Pasta (I used about three-quarters of a spaghetti packet)

Directions: Start on pasta. Chop garlic, and sautee in olive oil until soft (not brown). Add chard stems and sautee for about 4-5 minutes. Add balsamic vinegar, basil, and chard leaves. Sautee another 3 minutes or so.

Oh, heck, add a splash of wine, because, let’s face it: you’re drinking as you cook (relax, the alcohol gets cooked out).
chard-3-splash-of-wine.jpg

Add garbanzos, and heat through:

chard-4-with-chick-peas.jpg

Remove from heat. Crumble feta over chard. Add salt, pepper, and mix. Drain pasta, add chard, and crumble just a touch more feta so it looks pretty:
chard-bowl.jpg

Serve to your child. Note it is served here with two meatballs, only because she really wanted them. The recipe is plenty hearty by itself. No meat required.
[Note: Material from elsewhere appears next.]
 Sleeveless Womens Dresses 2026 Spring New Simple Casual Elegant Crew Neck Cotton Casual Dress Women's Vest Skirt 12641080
chard-on-plate-with-meatballs.jpg

Watch it disappear. Mostly.
chard-pasta-finished.jpg

Merrie declared it delicious, and Blair (who ate it happily without meat, even though he tends to be suspicious of all meat-free meals…AND who doesn’t particularly care for pasta) noted without prompting, “hey, this is really good.”

The baby? Well, she put the meatball in her ear:

meatball-in-ear.jpg

And threw the spaghetti at the dog:

spaghetti-on-dog.jpg

But she does that sort of thing all her meals, so I don’t consider her a credible judge of taste. The rest of us considered it a fine meal to celebrate a year of cooking and blogging.